2024 Food Garden

I harvested a potato from an overwintered plant

Of two other side by side plants, one was ravaged, one was not!

6 Likes

Pretty! It looks like Caribe.

1 Like

Inspiring! Decorative frogs, too.

Journal entry March 20, 2024: 67° Chives have come up. Snow tomorrow.

1 Like

I think the seeds I planted yesterday are hating me right now. It’s 37 degrees in Manhattan.

3 Likes

Uh oh @small_h ! Is that unusual there?

It is pretty! Maybe it is Caribe. I think it’s supposed to be Purple Viking. I also got Magic Myrna from the same place, (), but it’s not the right shape. It’s early though, and that part seems to work best here.

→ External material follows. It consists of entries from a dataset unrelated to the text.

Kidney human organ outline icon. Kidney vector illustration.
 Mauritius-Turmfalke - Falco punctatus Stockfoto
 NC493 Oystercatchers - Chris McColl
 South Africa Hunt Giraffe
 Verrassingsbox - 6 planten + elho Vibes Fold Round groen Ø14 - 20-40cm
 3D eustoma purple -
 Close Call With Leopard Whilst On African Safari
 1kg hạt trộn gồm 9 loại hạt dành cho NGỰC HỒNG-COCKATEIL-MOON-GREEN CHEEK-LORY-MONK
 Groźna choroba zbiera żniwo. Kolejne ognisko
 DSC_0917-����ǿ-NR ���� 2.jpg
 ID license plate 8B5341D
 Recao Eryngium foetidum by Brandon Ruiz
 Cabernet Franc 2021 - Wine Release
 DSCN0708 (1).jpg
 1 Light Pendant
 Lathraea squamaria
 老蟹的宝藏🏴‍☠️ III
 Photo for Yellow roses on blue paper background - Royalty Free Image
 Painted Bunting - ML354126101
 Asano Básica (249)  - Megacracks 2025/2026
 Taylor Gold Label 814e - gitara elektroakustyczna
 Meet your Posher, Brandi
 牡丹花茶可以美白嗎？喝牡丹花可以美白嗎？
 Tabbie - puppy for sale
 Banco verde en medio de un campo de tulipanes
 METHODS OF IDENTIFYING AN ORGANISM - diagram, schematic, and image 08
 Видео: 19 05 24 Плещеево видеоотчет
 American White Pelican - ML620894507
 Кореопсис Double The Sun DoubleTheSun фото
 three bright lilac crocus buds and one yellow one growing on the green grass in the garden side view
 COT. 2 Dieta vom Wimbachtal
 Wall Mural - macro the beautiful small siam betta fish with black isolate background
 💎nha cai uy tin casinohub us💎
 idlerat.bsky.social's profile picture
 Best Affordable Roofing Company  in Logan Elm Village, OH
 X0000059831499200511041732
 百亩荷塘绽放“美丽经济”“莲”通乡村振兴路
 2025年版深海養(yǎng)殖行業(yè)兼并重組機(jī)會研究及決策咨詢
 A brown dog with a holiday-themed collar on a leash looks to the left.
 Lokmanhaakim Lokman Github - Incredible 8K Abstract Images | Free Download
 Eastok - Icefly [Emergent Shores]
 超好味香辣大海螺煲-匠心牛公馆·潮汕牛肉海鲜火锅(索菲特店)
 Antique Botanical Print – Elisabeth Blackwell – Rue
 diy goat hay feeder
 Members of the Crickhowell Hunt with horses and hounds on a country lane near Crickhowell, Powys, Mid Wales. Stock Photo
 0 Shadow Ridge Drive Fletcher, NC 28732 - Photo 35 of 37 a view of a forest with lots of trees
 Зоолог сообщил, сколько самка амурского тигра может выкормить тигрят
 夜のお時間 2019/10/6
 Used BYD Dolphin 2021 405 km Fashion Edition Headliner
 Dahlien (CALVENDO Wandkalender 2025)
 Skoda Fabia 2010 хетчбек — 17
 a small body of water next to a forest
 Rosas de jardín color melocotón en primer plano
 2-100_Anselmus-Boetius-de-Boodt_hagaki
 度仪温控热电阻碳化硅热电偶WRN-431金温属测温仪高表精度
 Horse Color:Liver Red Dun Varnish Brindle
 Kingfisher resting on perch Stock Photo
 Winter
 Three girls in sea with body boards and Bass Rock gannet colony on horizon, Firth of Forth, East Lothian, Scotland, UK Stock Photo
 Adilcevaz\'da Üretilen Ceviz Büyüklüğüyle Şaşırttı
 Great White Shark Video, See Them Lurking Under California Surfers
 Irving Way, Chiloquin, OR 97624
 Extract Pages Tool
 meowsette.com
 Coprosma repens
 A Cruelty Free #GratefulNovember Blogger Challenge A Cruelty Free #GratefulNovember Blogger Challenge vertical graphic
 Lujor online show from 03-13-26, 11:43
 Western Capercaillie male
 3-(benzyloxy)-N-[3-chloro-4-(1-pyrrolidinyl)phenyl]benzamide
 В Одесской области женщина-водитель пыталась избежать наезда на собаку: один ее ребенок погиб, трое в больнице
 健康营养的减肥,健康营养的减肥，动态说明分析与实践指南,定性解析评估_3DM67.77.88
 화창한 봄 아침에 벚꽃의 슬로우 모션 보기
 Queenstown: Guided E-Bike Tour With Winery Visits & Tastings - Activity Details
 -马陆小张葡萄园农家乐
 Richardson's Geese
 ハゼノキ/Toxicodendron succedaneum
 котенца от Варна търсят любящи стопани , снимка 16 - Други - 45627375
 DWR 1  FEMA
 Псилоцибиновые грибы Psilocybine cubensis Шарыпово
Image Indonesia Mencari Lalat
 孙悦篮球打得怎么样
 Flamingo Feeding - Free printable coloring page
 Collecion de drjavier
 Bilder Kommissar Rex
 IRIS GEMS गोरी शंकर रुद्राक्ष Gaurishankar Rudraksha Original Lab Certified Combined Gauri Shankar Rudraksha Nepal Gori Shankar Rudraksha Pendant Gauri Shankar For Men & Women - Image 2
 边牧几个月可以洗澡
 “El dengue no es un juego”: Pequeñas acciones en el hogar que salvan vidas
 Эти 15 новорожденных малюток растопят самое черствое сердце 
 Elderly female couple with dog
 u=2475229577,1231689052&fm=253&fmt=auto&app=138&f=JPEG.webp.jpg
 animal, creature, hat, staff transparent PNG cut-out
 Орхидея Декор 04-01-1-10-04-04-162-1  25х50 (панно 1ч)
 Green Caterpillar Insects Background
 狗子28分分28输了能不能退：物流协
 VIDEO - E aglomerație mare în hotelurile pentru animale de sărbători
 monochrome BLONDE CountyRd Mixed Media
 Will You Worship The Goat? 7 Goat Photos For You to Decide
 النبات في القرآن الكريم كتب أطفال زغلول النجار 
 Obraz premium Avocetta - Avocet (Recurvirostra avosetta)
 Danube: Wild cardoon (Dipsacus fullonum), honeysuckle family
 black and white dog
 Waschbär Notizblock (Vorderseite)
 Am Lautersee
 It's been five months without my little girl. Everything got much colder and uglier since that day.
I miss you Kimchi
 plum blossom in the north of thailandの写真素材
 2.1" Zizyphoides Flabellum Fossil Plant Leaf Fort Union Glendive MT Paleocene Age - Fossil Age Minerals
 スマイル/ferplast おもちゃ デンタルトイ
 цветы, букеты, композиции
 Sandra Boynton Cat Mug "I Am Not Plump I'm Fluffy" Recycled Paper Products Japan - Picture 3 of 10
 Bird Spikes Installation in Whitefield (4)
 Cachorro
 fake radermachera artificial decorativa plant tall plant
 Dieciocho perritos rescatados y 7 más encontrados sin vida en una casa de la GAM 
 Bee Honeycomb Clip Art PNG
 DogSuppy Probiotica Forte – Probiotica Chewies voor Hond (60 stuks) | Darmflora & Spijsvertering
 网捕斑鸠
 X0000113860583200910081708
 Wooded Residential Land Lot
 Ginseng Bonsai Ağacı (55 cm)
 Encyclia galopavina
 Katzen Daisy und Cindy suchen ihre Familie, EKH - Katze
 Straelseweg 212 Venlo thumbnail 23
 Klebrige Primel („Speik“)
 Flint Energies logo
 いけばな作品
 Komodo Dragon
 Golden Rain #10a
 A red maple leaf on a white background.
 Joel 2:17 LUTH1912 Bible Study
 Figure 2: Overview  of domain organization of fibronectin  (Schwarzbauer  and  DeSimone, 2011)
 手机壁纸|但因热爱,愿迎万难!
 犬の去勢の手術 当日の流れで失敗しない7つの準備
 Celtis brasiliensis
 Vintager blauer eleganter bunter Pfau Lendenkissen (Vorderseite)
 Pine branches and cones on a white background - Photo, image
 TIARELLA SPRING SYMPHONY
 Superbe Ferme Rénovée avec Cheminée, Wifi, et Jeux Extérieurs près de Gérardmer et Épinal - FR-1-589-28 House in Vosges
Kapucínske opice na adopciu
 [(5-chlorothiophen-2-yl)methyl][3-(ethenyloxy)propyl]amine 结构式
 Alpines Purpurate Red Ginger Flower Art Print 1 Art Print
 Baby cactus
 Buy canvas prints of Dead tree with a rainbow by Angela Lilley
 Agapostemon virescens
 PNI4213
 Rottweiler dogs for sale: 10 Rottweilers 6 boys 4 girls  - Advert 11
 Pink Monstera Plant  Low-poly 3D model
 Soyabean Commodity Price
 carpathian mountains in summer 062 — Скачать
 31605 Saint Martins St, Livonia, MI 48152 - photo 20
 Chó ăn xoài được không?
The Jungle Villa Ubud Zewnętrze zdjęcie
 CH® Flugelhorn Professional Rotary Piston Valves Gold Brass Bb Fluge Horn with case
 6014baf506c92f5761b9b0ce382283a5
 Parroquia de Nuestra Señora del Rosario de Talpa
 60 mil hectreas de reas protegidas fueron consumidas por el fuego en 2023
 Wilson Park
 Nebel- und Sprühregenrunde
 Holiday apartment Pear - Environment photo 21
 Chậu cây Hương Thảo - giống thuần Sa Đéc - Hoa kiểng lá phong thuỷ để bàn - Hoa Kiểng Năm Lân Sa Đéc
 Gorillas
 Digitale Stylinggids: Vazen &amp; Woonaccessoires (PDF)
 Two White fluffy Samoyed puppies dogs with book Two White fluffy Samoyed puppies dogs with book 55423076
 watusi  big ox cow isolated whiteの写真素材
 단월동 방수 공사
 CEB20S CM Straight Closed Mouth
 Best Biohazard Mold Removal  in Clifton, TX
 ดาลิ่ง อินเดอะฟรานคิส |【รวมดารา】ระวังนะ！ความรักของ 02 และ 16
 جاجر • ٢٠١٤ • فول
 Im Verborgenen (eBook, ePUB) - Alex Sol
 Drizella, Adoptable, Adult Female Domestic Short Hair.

The past couple of months have been unusual. Lotta temperature variation. It was 70 degrees not that long ago.

2 Likes

Southwestern Ontario has 3 inches of snow on top of the seeds I planted on March 5th and 15th. :smile:

We can’t really plant without a chance of a killing frost before June 1, so planting in March, April and May is vegetable growing bingo for me, to see which seeds are survivors. Cheaper than slot machines.

3 Likes

Every year is a new adventure. I have gardening records going back to 2010: what I grew, when I planted it, how much it yielded. Fat lot of good it does me. Because - just like the stock market - past performance is no guarantee of future success.

2 Likes

Interesting! My problem is I need to wait to plant out until nights stay above 50f, but need plants to be setting fruit before days are above 90. Both of those things usually happen in May.

I have seedlings I keep in a greenhouse overnight, that are sometimes registering above 100 degrees during the day.

I’ve been bringing them in and out this week; our days have been in the low 70’s this week. I keep having to remind myself it’s way more work if I start too early for most years.

1 Like

I have started taking slightly better records this year.

I usually write down what I planted and on what date.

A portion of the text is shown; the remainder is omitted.